Crawford's earliest attempt to modify Walgreens' value position to consumers and patients was in 2006 when the pharmacy chain started offering flu shots at its stores. His confidence was initially shaky.

"When we first began to think about really transforming the role of community pharmacists, our question was, 'Will the American consumer allow pharmacists do more than put pills in a bottle?' "

The other unanswered question Crawford faced at the time was getting pharmacists on board because they needed additional training to become certified immunizers.

"You don't graduate from pharmacy school as a certified immunizer," he says.

Crawford says the additional training appealed only to the early adopters, but two things happened that turned doubters into believers: No.1, consumers responded overwhelmingly to the convenience of getting a flu shot at a store they trusted and shopped; No. 2, the appearance of the H1N1 virus in the United States in 2009.

When the World Health Organization declared H1N1 a pandemic, the need for that vaccine spiked and production was rushed into high gear. Crawford says Walgreens' previous internal buildup to offer more flu shots and the immediate need for the H1N1 vaccine was "luck" that he leveraged into opportunity after the virus threat lessened.

In 2009, Walgreens had 17,000 certified immunizers, a retail footprint big enough to reach a signification portion of the population, and an electronic and logistics system that gave up-to-minute information on H1N1 vaccine inventory. The pandemic that scared consumers and health officials led Crawford to believe Walgreens could successfully expand its reach into healthcare even further, and today, all Walgreens pharmacists (27,000) are certified immunizers and they offer all 17 CDC-approved immunizations in approximately 40 states.

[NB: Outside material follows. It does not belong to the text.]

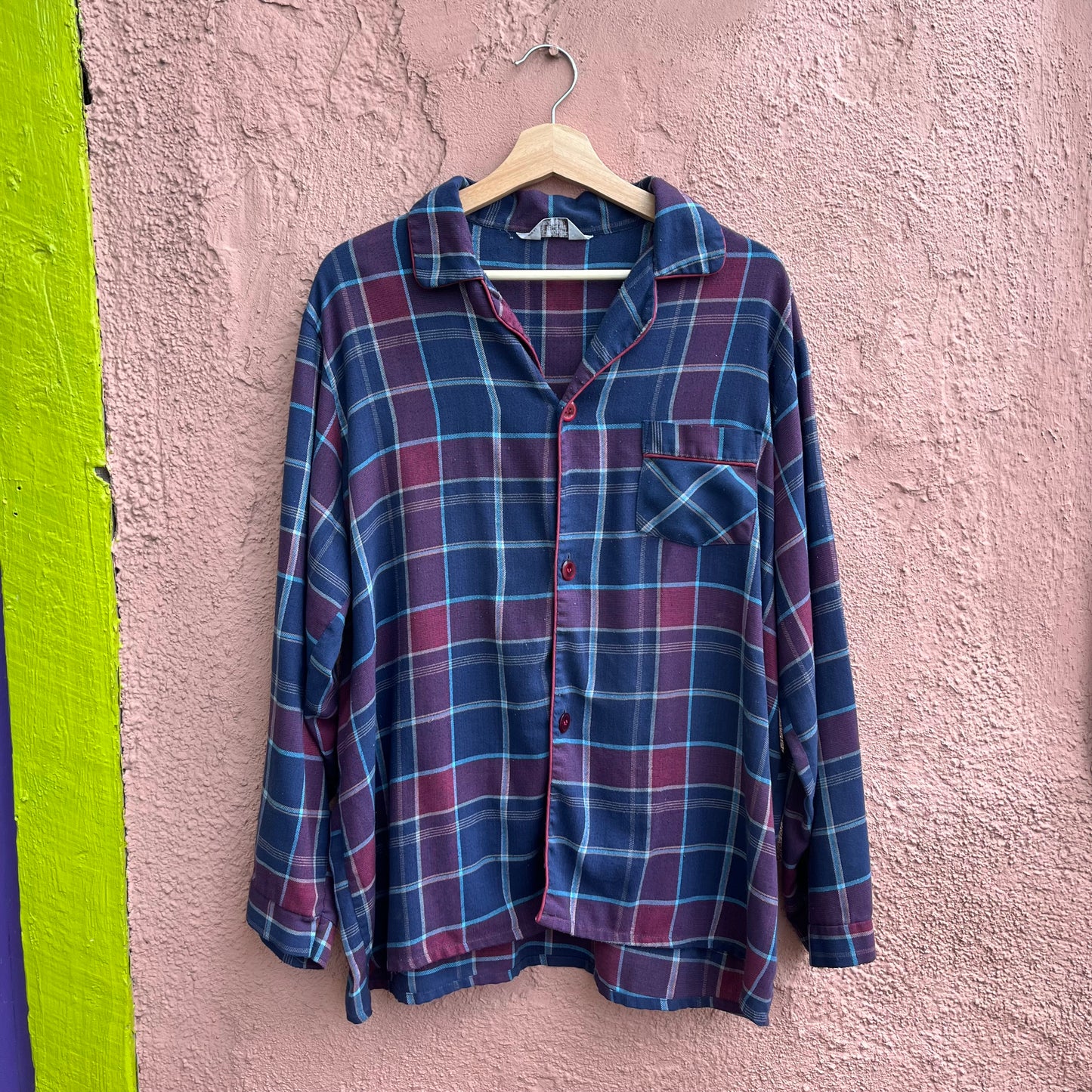 old pajama shirt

Walgreens also helped change the business side of flu shots with health insurers that didn't always include the flu vaccine as a covered benefit.

"When we first started, about 90% of all flu shots were paid for by cash," says Crawford. "Today, almost 90% are paid for by third-party payers. It's providing access to care that people didn't have before."

Crawford has also helped build a bridge with physicians, hospitals, and health systems so that the pharmacy chain would be viewed as a partner and not a threat. Among its clinical affiliations, Walgreens has collaborative care relations with Orlando Health, a nonprofit system of physician practices and hospitals that serves 1.6 million area residents; Community Health Network, another nonprofit system in central Indiana, and most notably Johns Hopkins Medicine in Baltimore.

Those collaborations build on Crawford's vision for Walgreens' newest strategy, which is managing chronic conditions, such as diabetes, hypertension, high cholesterol, and asthma. As a partner in those systems, Crawford says the objective is population health management and the role is to increase medication adherence, provide testing, and share information with patients' primary care physicians. To him, including chronic care in the business strategy is a "natural extension" of Walgreens' ever-expanding move beyond the pharmacy counter.

"Those patients are coming into our stores significantly more than they are seeing their physicians," says Crawford. "We don't see ourselves as owning that particular patient. We see it as enhancing the experience with a physician. We're helping manage it consistently, versus a patient who has diabetes and goes to their doctor every six months."

Crawford's goal of owning a single community pharmacy in a neighborhood where he can greet patients by name seems quaint and simple now, but he believes that Walgreens' strategy is returning pharmacists back to being the face of what he sees as a front door to healthcare.

"Our real purpose is not putting pills in a bottle. It's the outcome that you get from adherence to your medication," he says. "We've freed up our pharmacists to be out front interacting with patients, and they love it. Pharmacists are at the intersection of all healthcare relationships, and now with more than 70,000 healthcare professionals between our pharmacists and nurse practitioners, we are in a real sweet spot when it comes to healthcare reform and having convenient access to quality, affordable care."

Jacqueline Fellows is a contributing writer at HealthLeaders Media.